Gezi Parkı etrafında başlayan ve sonra tüm Türkiye’ye yayılan hareket iki şekilde bastırılmaya çalışıldı. Bastırma şekillerinin ilki hala sokaklarda olan şiddet. Toplumsal bir işkence halini alan bir şiddet dalgasıyla karşıladı devlet, halkını. Şiddetin katı hali de, sıvı hali de, gaz hali de topluma karşı kullanıldı ve hareket böylece bastırılmaya çalışıldı. Her şiddet eylemi karşısında daha fazla insanı buldu. Üç çadır şiddetle sökenler, ikinci gelişlerinde karşılarında on çadır buldular. İki yüz liseli öğrencinin üzerine Özel Harekat akrebi sürenler, karşılarında beş yüz liseli buldular. Şiddet hareketi sindirmekten ziyade haksızlığın cisimleştiği ve insanların gözünde artık gözlerini kaçıramadıkları bir olgu halini aldı.
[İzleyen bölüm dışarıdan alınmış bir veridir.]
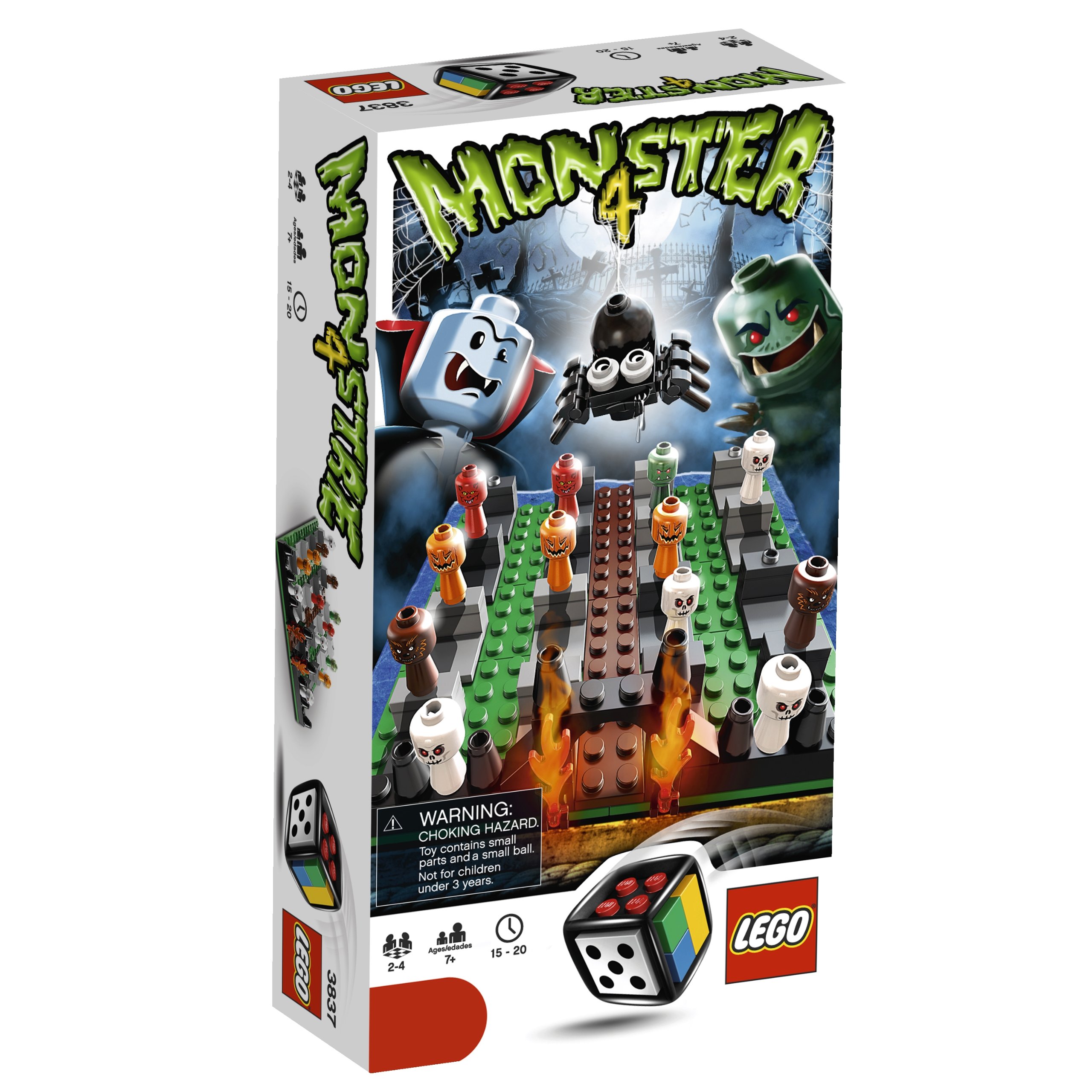 LEGO Monster 4 Game Building Set (3837) - Fun Family Board Game for Kids & Adults - Perfect for Birthday Gifts & Game Nights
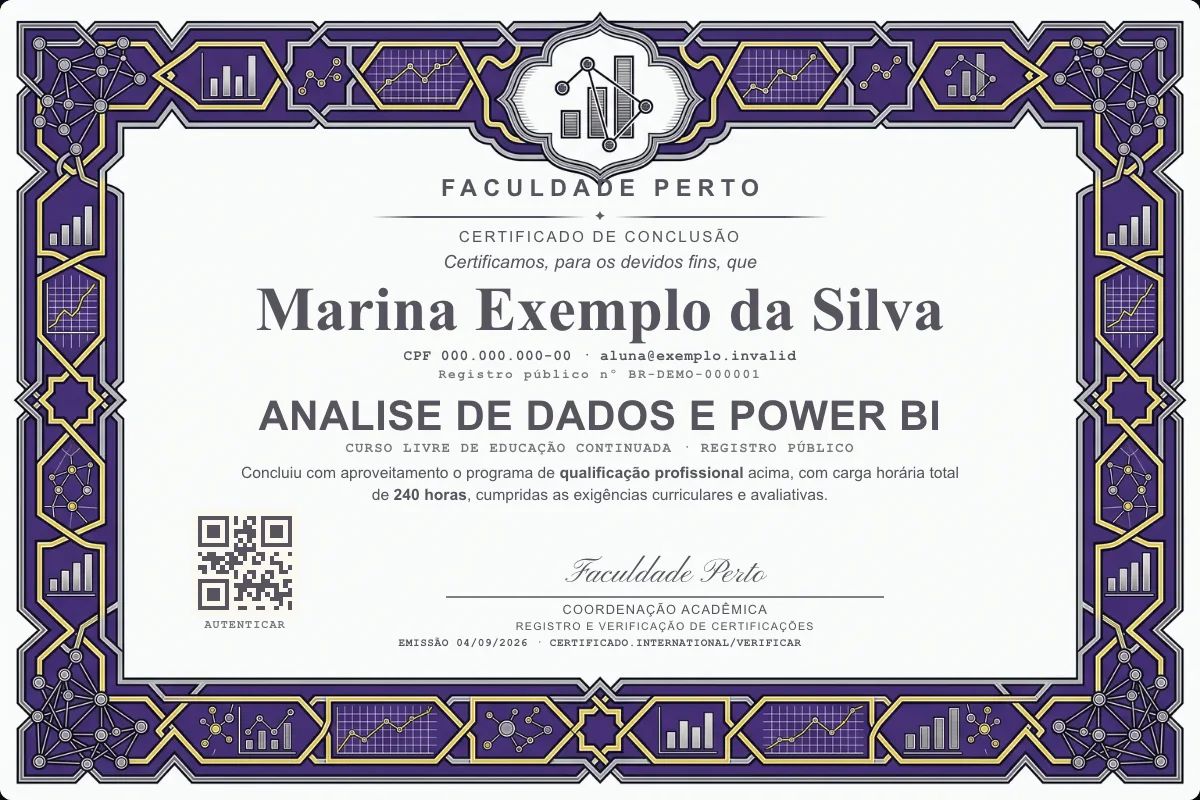 Certificado de Analise de Dados e Power BI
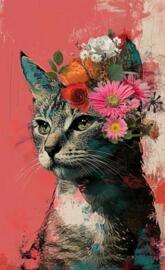Floral cat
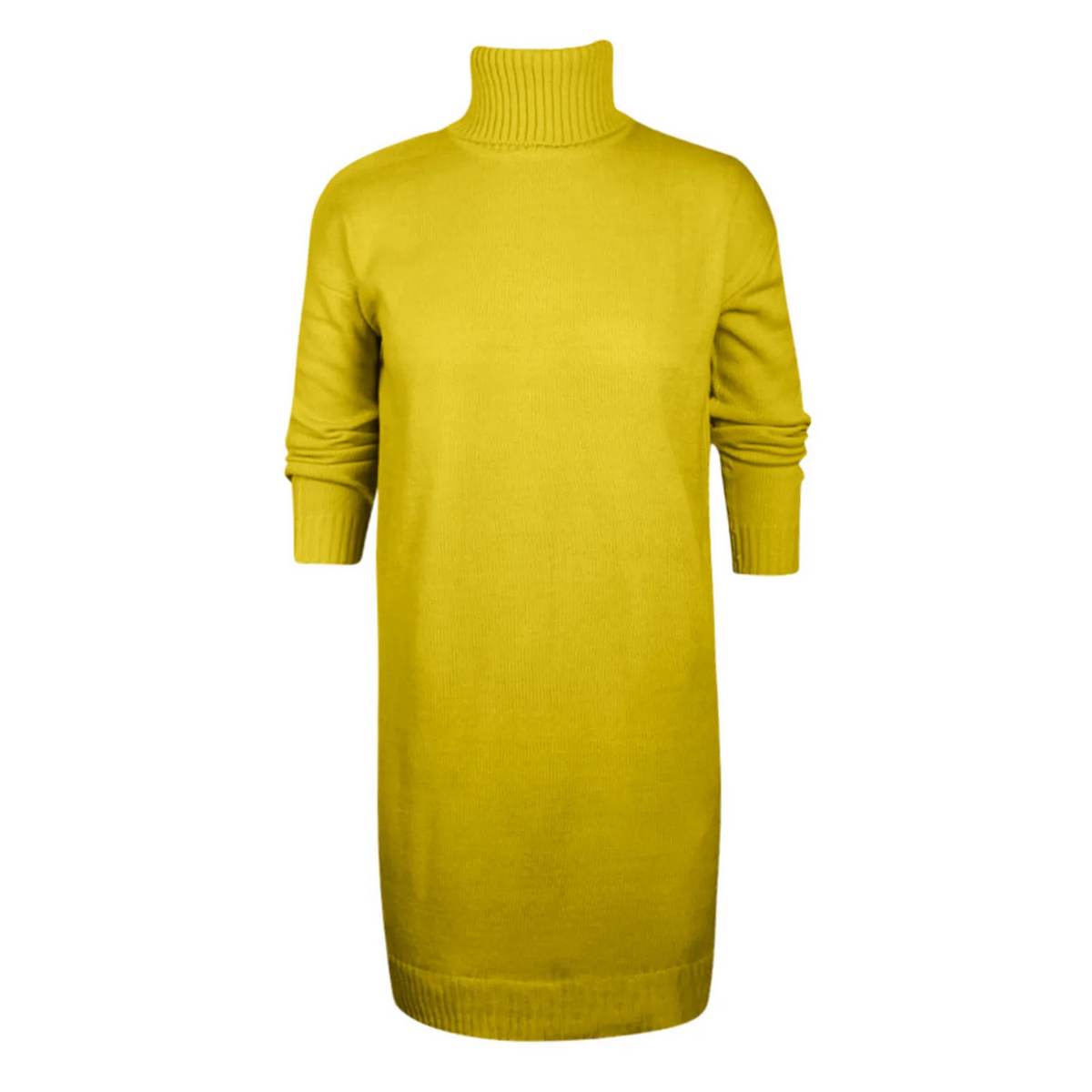 Women's Turtleneck Knit Sweater Dress with Long Sleeves 7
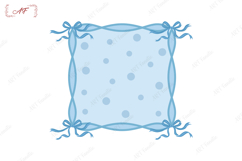Winter Coquette Frame Clipart Bundle | Winter Sublimation Product Image 13
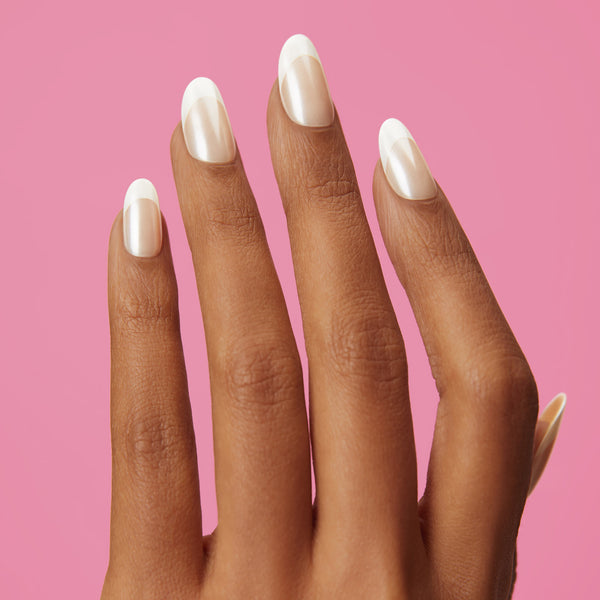 GLAZED DONUT FRENCH NAILS-ALMOND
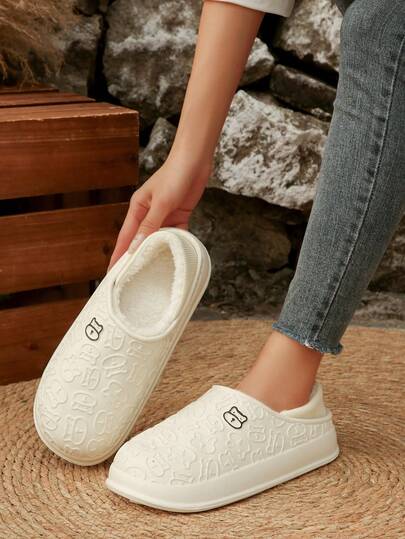 Zapatillas térmicas de invierno para mujer, con forro térmico, antideslizantes, impermeables, se pueden usar en exteriores como calzado plano, muy prácticas, sin arrepentimientos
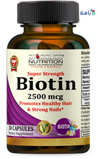 BIOBOLICS SUPER STRENGTH BIOTIN 2500MCG 30 CAPSULES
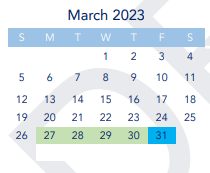 District School Academic Calendar for Luther Burbank Middle for March 2023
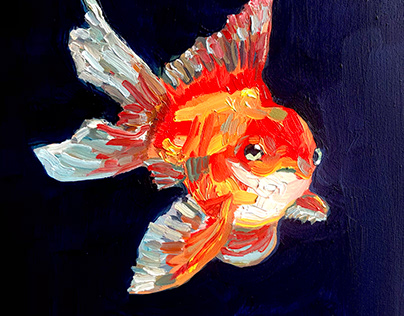 "Goldfish", Oil Painting by Julia Claire LeLune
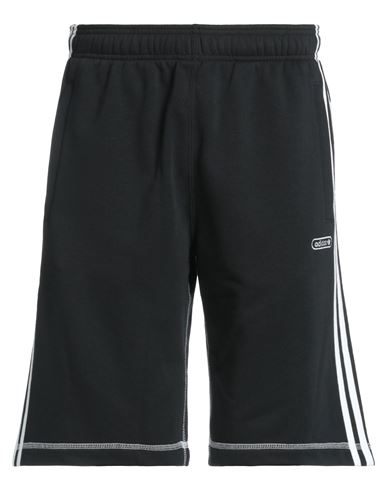 Adidas Originals Man Shorts & Bermuda Shorts Black Size S Cotton, Recycled Polyester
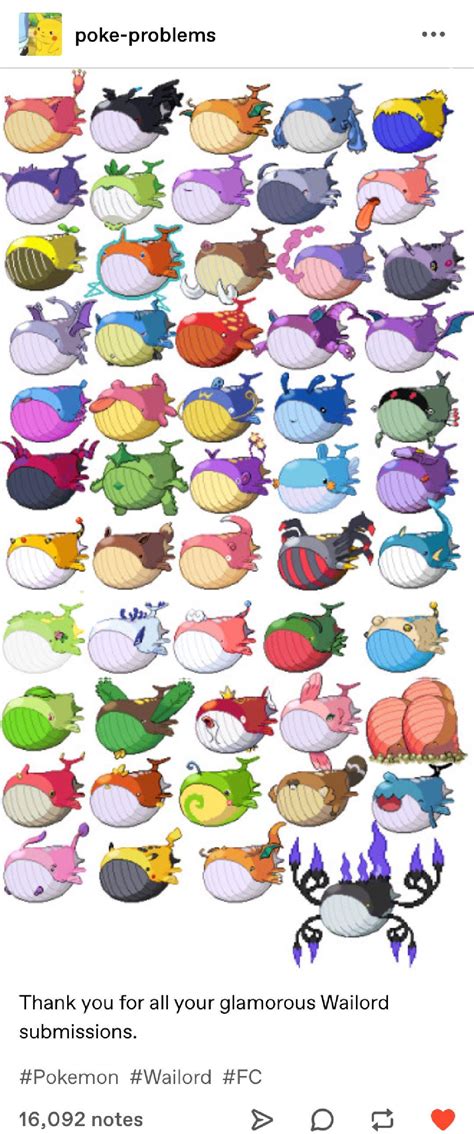 Pokemon Wailord Evolution Chart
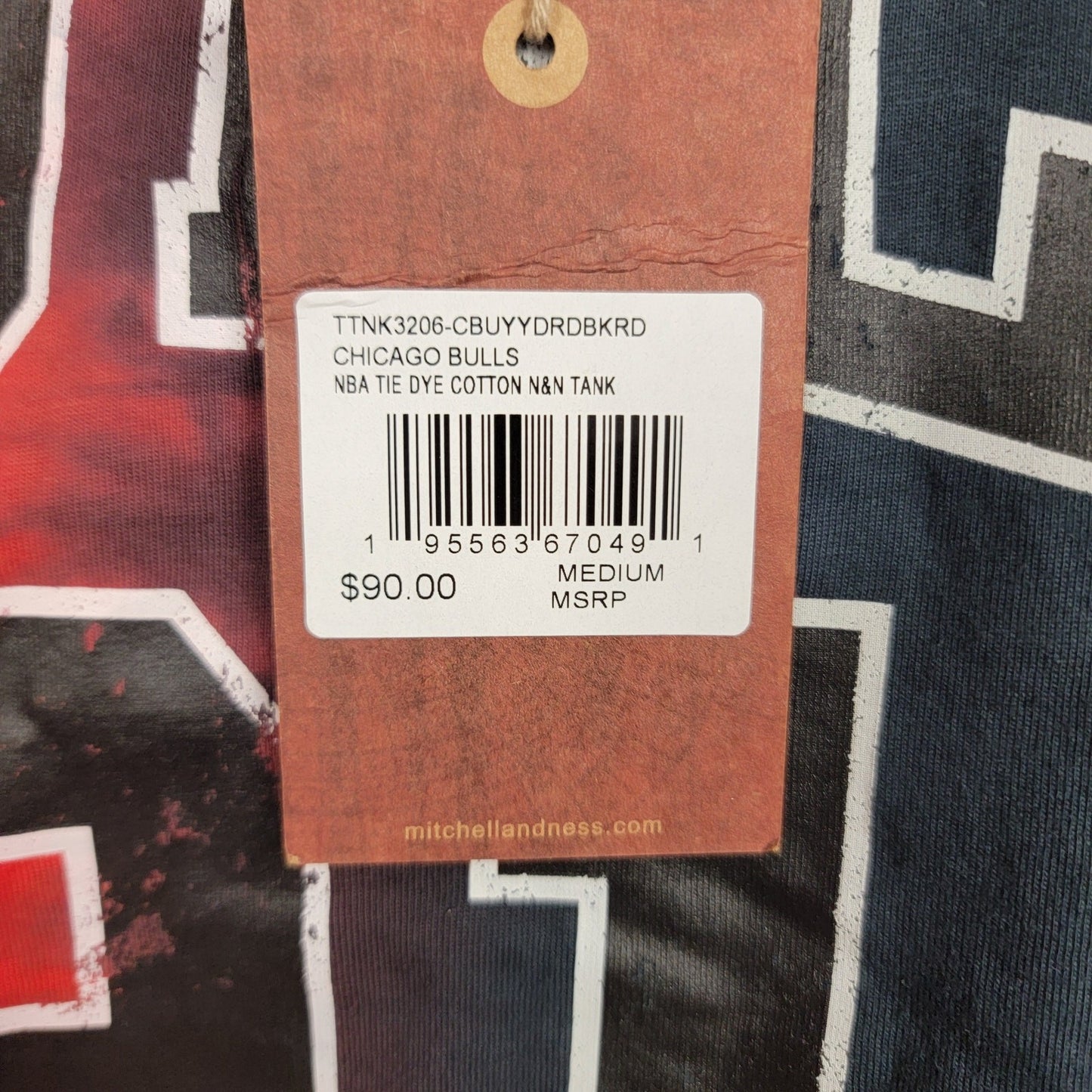 Mitchell & Ness Bulls Rodman 91 Tie Dye Tank Jersey Mens M NWT NBA 886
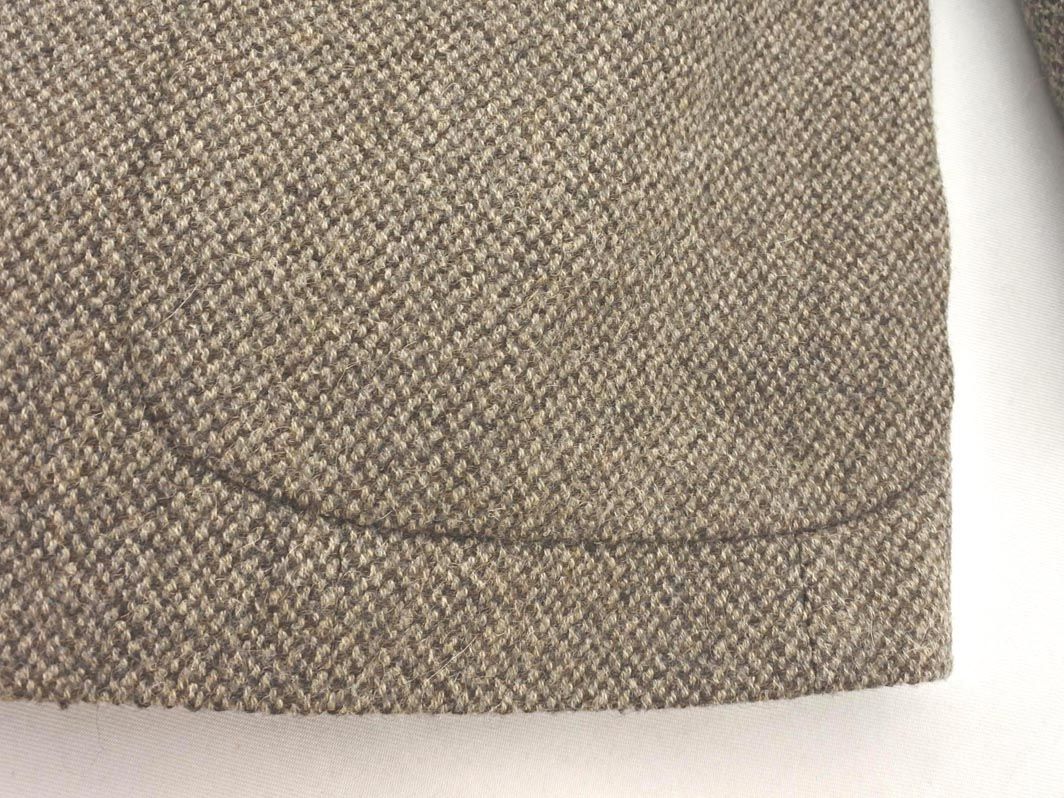 マドモアゼルノンノン ツイード ノーカラージャケット ウール アルパカ混 M マドモアゼルノンノン ツイード ノーカラージャケット ウール アルパカ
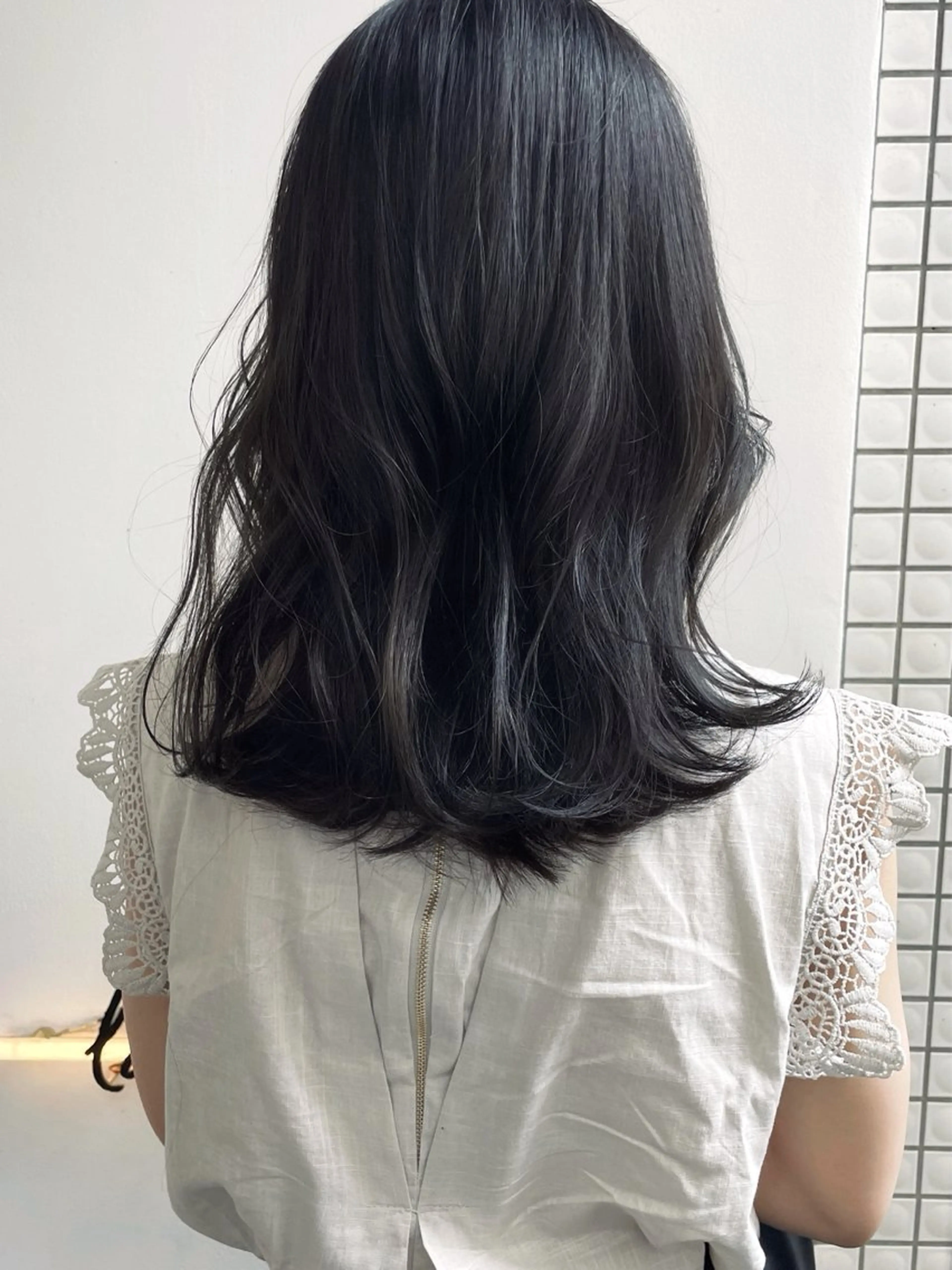 ミディアム カラー Large 都筑雅人のヘアスタイル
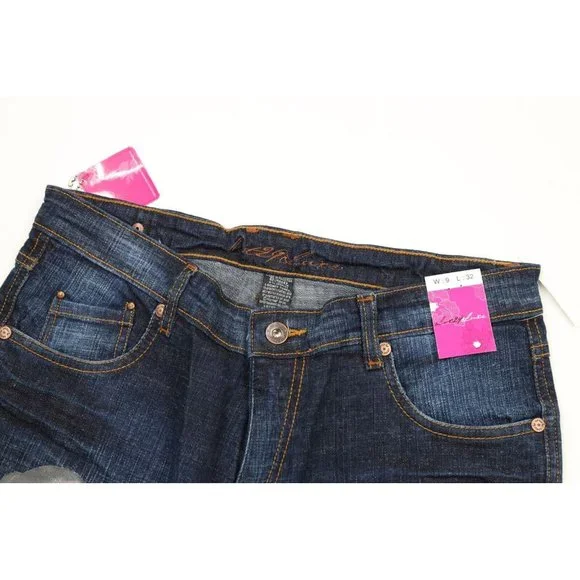 NOS Vintage Y2K Lot 29 Womens Size 9 Looney Tunes Wide Leg Flared Denim Jeans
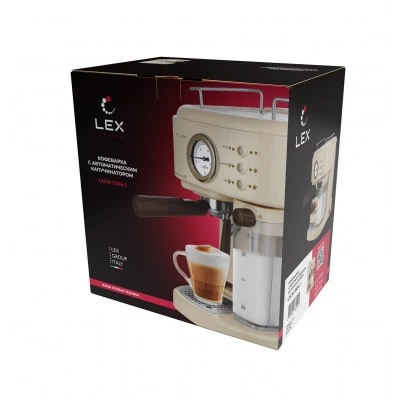 Рожковая кофеварка LEX LXCM 3504-1 Рожковая кофеварка LEX LXCM 3504-1
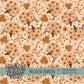 Fall Floral Pumpkins Seamless Bundle
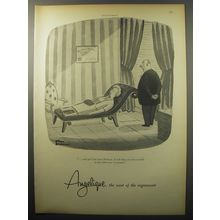 1955 Angelique Perfume Advertisement - cartoon by Charles Addams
İkinci bastırmaya çalışma yöntemi “yumuşak güce” dayalı bir tarzda karşımıza çıktı. Yani, yalanlar ve tek elden yönlendirilen kirletilmiş bilgi… Bu bambaşka bir sonuca yol açtı. Halk olarak biz, medya denen “şeyin” ne olduğuna dair fikrimizi bir kere daha netleştirdik. Bunun yanında da yöneticilerin, sokaklarda olan ve gözlerimizle gördüğümüz olayları bizlere nasıl aktardığını deneyimledik. Olan ya da kurulmaya çalışılan güven ilişkisi bu yalanlarla yıkıldı gitti. Gezi Parkı, halk ile yöneticiler-medya bloğu arasındaki güven ilişkisini bir daha gelmemek üzere yok etti.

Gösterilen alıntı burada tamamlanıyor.